A fixed-dose preparation of lumefantrine and artemether is commercially available (Co-artem or Riamet). Lumefantrine (previously known as benflumetol) is an aryl-amino alcohol antimalarial compound. Although related chemically, in practice, lumefantrine does not appear to have cardiac effects similar to halofantrine (van Vugt et al., 1999). This combination is marketed in two packaging schemes: a six-dose (24-tablet) package for use by nonimmune patients, and a four-dose (16-tablet) package for use by
semiimmune patients. Until studies have conclusively shown adequate efficacy of the four-dose regimen among semiimmune populations, all patients should probably be treated with a full six-dose regimen (van Vugt et al., 2000). No data exist to prove the safety of lumefantrine use during pregnancy; thus, lumefantrine should not be used to treat pregnant women.
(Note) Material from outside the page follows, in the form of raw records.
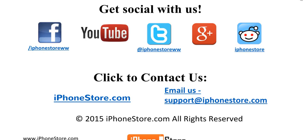Don't forget to get social with us on Facebook, YouTube, Twitter, Google+, and Reddit or contact us directly at iPhoneStore.com.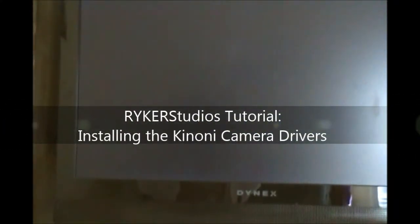Okay, this is another tutorial of the Kinoni drivers that we previously mentioned in our YawCam tutorial. Now we're going to show you how to install all those features.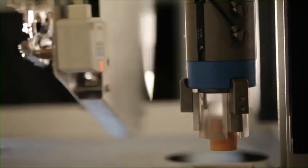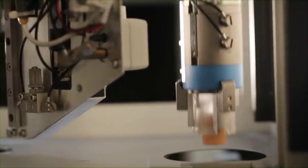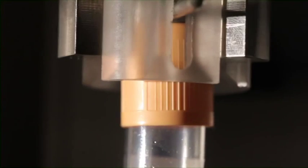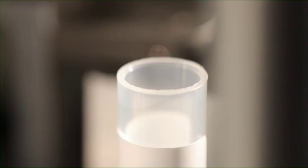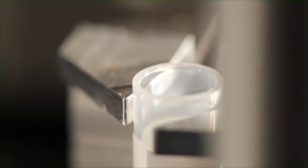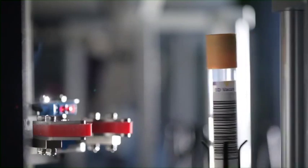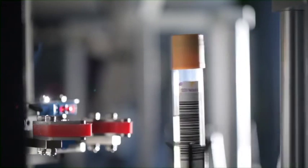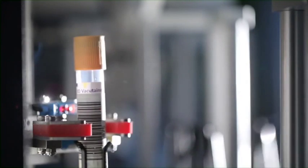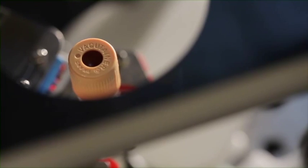A capping module to cap both primary and secondary tubes can be included as one of the function modules, as can a dedicated decapping module if a faster decapping throughput is required.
ATOVAQUONE PLUS PROGUANIL (MALARONE)
This drug is a fixed-dose antimalarial combination of 250 mg of atovaquone and 100 mg of proguanil. Atovaquone is a hydroxynaptho-quinone that is currently being used mostly to treat opportunistic infections in immunosuppressed patients. Because of a high incidence of recrudescence when used alone, atovaquone is given in combination with proguanil (Looareesuwan et al., 1996a; Radloff et al., 1996). Treatment is with 1,000 mg of atovaquone and 400 mg of proguanil daily for 3 days. Malarone is reportedly effective against erythrocytic forms of P. vivax (Looareesuwan et al., 1996a). Although there is some concern about resistance developing rapidly to this combination, Malarone currently appears to be highly effective against most drug-resistant malaria parasites.
PYRONARIDINE
Pyronaridine is a drug synthesized and used in China for over 20 years. While it was reportedly 100 percent effective in one trial in Cameroon, the drug was only 63 to 88 percent effective in Thailand (Ringwald et al., 1996; Looareesuwan et al., 1996b). Further testing is required before pyronaridine can be recommended for use.